Tips, Tricks and Bribery:

Time management – this is possibly the easiest issue to address, and can even help with some of the individual factors.  It’s always best to make music practice part of the daily routine, just like regular school work.  That way our children don’t feel like practising is “cutting into their free time” which they would probably choose to spend in other ways.  If your child is feeling over-scheduled or over-worked, make sure they have some down time first so that they can concentrate.  Sometimes it’s helpful to change the time of day that practising takes place, especially if they are tired at practice time.  Mornings quite often work better – if they are more alert, they can accomplish more in a shorter period of time.  Some students even find it helpful to break up their practise into smaller increments during the day, rather than one long one…technical requirements before school and songs after.

Gratification – Are there any actual tangible rewards (that’s the bribery part).  Can the student see the improvement (has the practise been effective).  Sometimes music itself, and playing something well, is reward enough but some children need extra incentives provided by parents.

General strategies for an effective practice:

In our busy lives, quantity of practise may not be possible, so it is important to focus on the quality of practise, which will also lead to tangible results.  A good practise strategy can help both with the busy schedule and with the need to see accomplishments.  Simply playing through a piece 2 or 3 times (or more) without focusing doesn’t necessarily lead to improvement.  Nor does watching the clock until the 20 minutes of required practise is over.
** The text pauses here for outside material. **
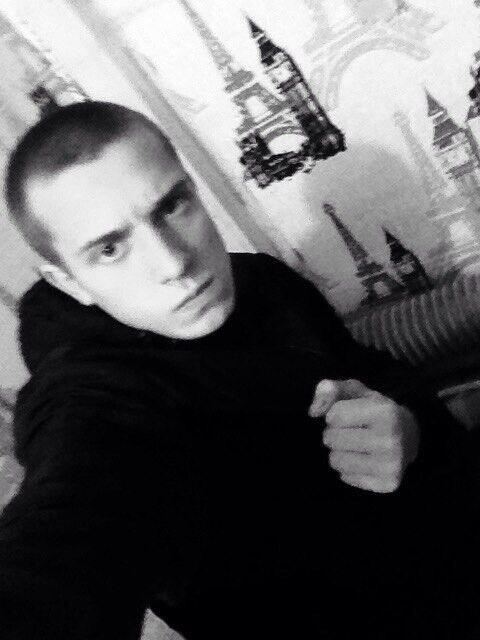 ���������� �����, ���� ������� �������, 27 ���, ������������ ��� ������, ����� � ���������, c�������� ���������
Setting practice session goals helps a child stay focused and see improvement.  Students can learn to enjoy practising if they realize success as a result of their efforts and if they can assume ownership of, and responsibility for, the structure of their practise sessions. The students themselves should be involved in the goal setting, making them more likely to be motivated to complete it.

Encourage your child to focus on different things each repetition of the song or at each separate practice.  The following is a list of ideas that I share with my students:

  • play it slowly
  • play with separate hands
  • focus on correct fingering
  • focus on correct dynamics
  • focus on correct articulations
  • sing while you play so the ear is trained as well as the hands
  • record the practise so you can sit back and listen to and evaluate your own performance
  • pick a specific thing to be improved upon at each practice.  This is particularly important if time is an issue.  A short practice with a small improvement is still a good practice.  What about that one spot that always slows you down?
  • how far have you actually come – at the end of a tiring practice session play something you are really good at, or take out something from a lower level that you used to struggle with, so you can see how easy it has become.
  • Variation during the practise can make it more interesting.  Make some cards or paper slips with different things to be practised that you can “pull from the jar” so that every practise is different.
  • Are you having fun?  Make sure you play things you like … just for fun.  Are there opportunities for you to make music with friends/peers.  Try creating music of your own.

As a parent, don’t forget to give praise (and even tangible rewards) for accomplishments.  Positive encouragement always works better than criticism.

Will these insights and strategies work every time…absolutely not!  I spent many years arguing with my children over music practice.  I can honestly say, however, that the headaches and heartaches were definitely worth it.  I now have an 19-year old who has chosen music as a career.  He is a fine musician, an excellent teacher, and a talented composer.  He will also be the first to say, “I love to play, but I hate practising!”